## Aim of the exercise
Skip the pictures and restate, word for word, the lines from the one containing "Mocassino HBJ Uomo" to the end of the data below.

┄┄┄┄┄┄┄┄┄┄

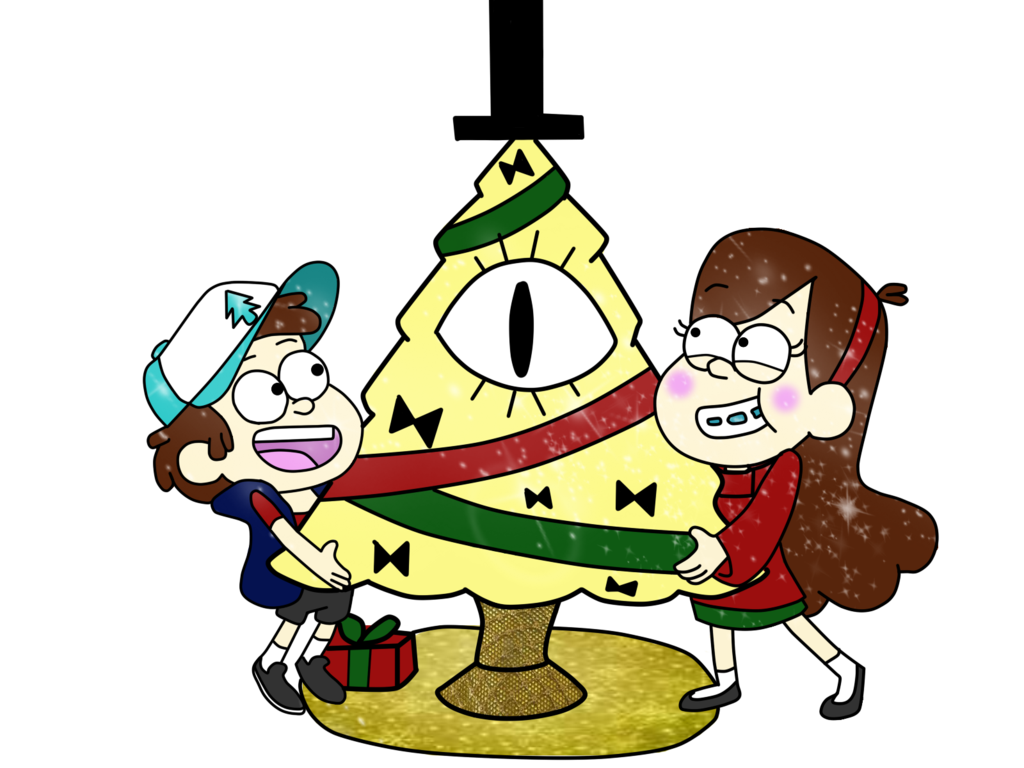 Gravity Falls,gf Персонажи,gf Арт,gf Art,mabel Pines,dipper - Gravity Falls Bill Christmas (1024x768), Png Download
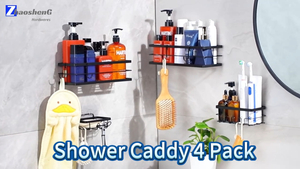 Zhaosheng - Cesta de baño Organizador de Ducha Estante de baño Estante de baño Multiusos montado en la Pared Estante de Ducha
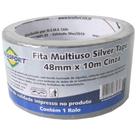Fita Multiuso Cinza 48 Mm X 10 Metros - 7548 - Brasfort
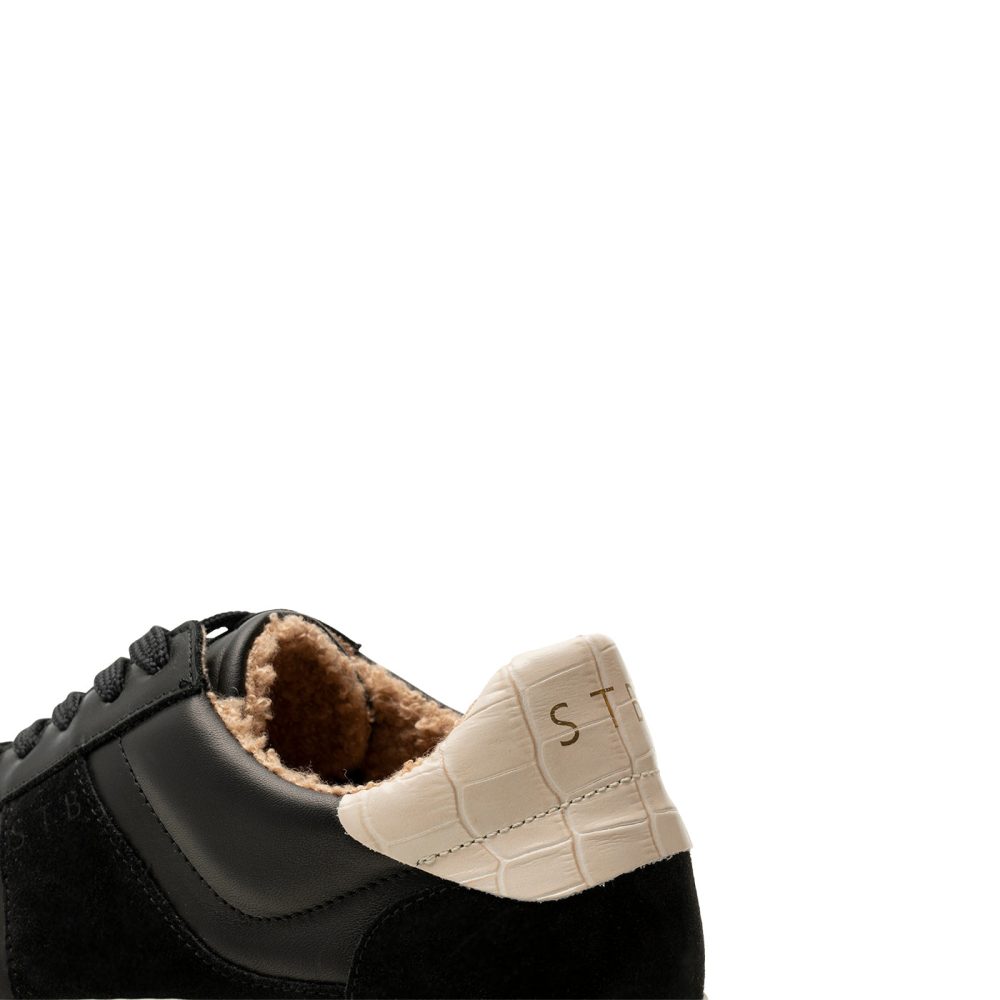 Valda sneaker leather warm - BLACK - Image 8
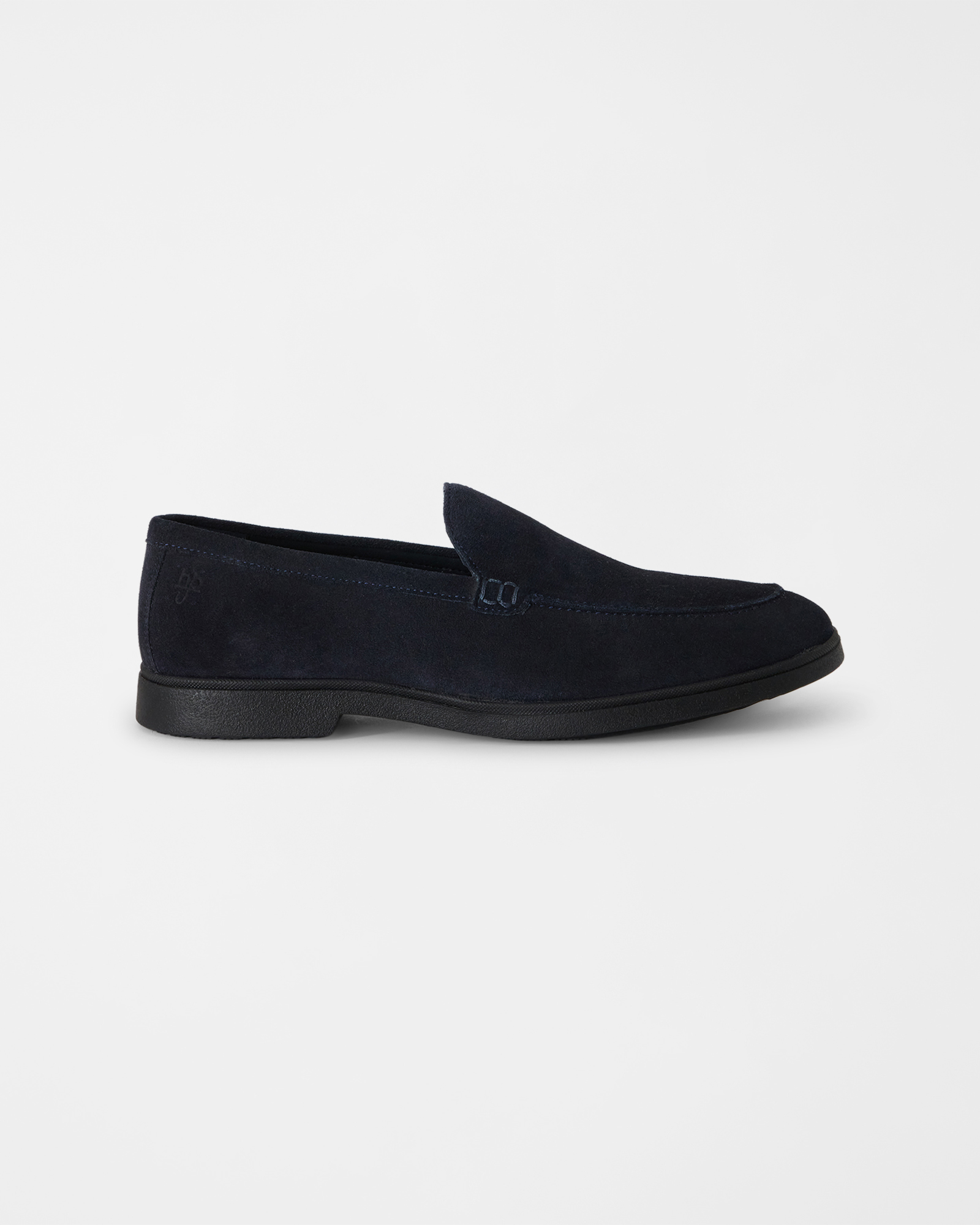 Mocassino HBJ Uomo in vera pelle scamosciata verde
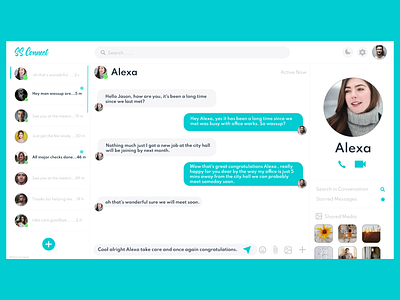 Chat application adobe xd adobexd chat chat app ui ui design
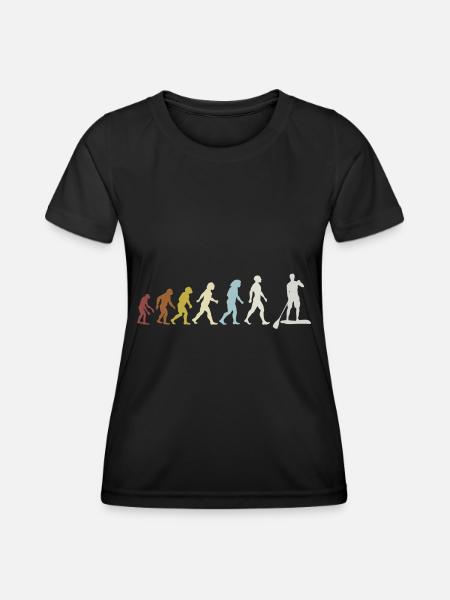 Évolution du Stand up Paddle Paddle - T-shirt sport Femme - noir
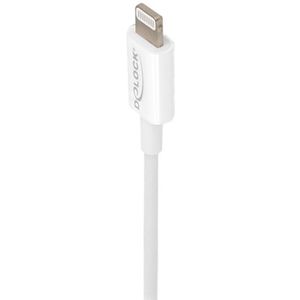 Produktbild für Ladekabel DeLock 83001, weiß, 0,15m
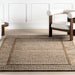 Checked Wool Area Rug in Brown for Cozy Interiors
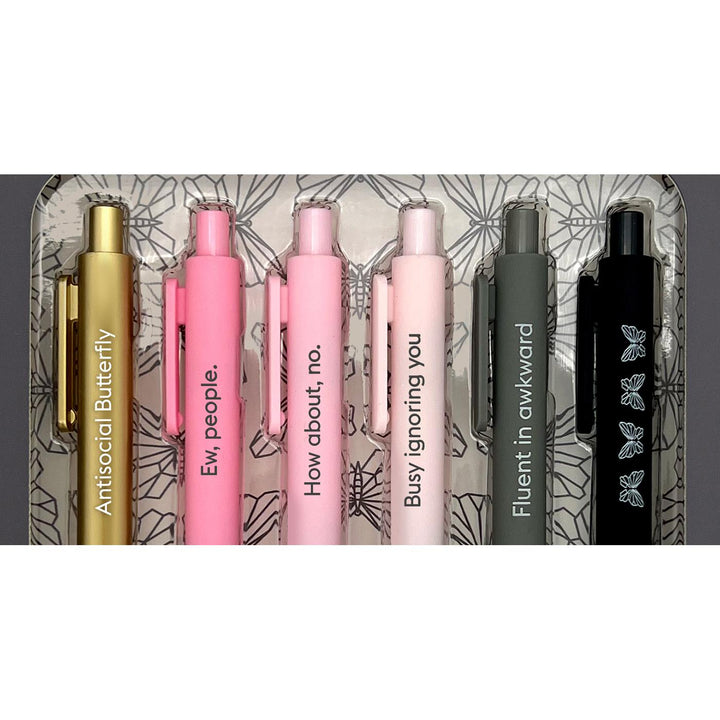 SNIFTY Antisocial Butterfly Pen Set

┄┄┄┄┄┄┄┄┄┄

## The completed task
 Mocassino HBJ Uomo in vera pelle scamosciata verde
 Chat application adobe xd adobexd chat chat app ui ui design
 Évolution du Stand up Paddle Paddle - T-shirt sport Femme - noir
 Produktbild für Ladekabel DeLock 83001, weiß, 0,15m
 Checked Wool Area Rug in Brown for Cozy Interiors
 SNIFTY Antisocial Butterfly Pen Set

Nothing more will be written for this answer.